The Indonesian Government has recently been preparing its policies and regulations for the onset of digital transformation that has been rippling through the region.

OpenGov spoke to Dr. Ashwin Sasongko, Researcher of Information Communications Technology Center, Indonesian Institute of Sciences, about how the Indonesian Government forms its policy and direction, with respect to greater ICT integration.

Dr. Ir. Ashwin Sasongko, MSc. is the former Director-General for Informatics Applications and Secretary General for The Ministry of Communications and Information Technology (KOMINFO) . Here, he was believed to have committed to the growth of information technology and local IT-based creative industries in Indonesia.  

He assisted in the drafting and implementing policies in the field of e-government, e-business, software and content, empowerment and standardized IT and audit telematics applications.

Now, he is conducting research at the Indonesian Institute of Sciences to support his advisement role to the Government.

“We do research on ICT governance within Indonesia.

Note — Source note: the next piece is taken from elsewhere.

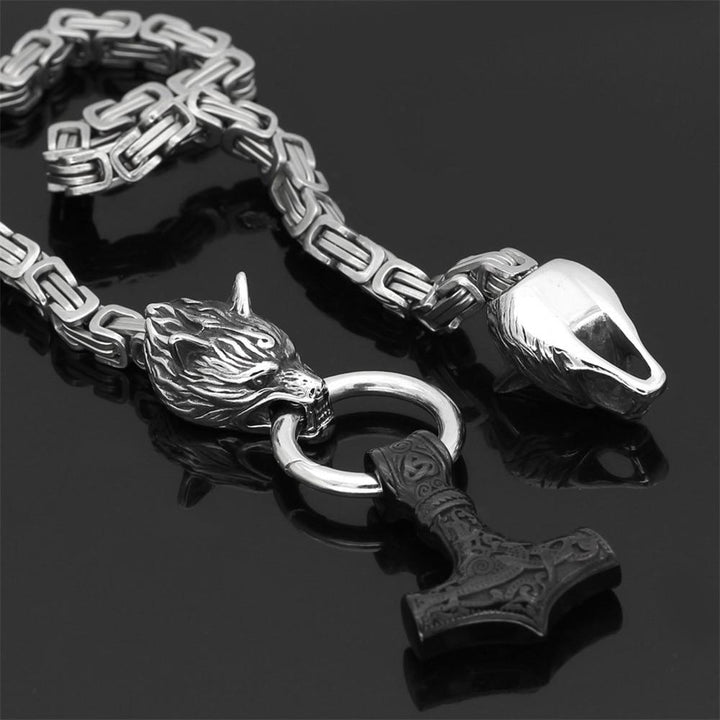 Collier amulette loup viking pour hommes. Symbole de force, courage et protection nordique.
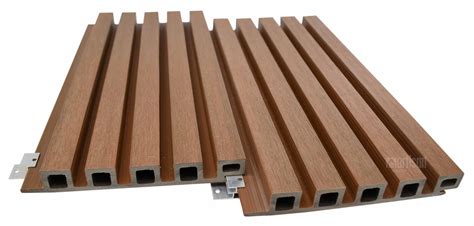 Detail povrchu WPC panelu s kefovanou štruktúrou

From my findings, I will support and advise others on how to make ICT governance decisions,” Mr. Sasongko said.

As he is a former head of KOMINFO, Mr. Sasongko is a trustworthy and experience source of expertise on Indonesian Government IT practices and policies. He now serves an integral role in advising Government agencies through the ICT council.

“For this year, my key objective will be to interpret the role of ICT in government. The ICT council advises government on how to move forward in their ICT governance and development,” Mr. Sasongko told us, “For example, the Ministry of Finance is investing a lot of rupiah towards data centres. My advice to them was to look to those data centres which are not fully utilised. Buy the system software and put it there, put a higher level of security to protect the IT infrastructure.”

Through this advisor role, he has emphasised that it is vital for agencies to recognise the bigger picture when implementing ICT programmes.

“The challenges I face while making these recommendations include once a program is funded, it must have the right support and resources behind it,” stated Mr. Sasongko, “That is why the ICT council will report to the President so that he can influence Ministers in their IT strategy.”

Mr. Sasongko had a few recommendations as to how the Indonesian Government to reshape itself in order to spur innovation and digital transformation. He told us that in embracing the age of digital transformation, each agency has their own part to play in servicing the public.

“If you look at the Indonesia political system, you see that KOMINFO overlooks after all of the ICT private sector. Yet, the agencies should all be responsible for their own business processes and services,” Mr. Sasongko emphasised, “For example, the Ministry of Trade will set up the e-trading portal and the Agency for National Archives should establish the online public archives.”

As Mr. Sasongko carries on his IT governance advisor role, he will be forward thinking and continue to use his research, past experience, and knowledge when predicting which path is the best way forward for Indonesia’s Government.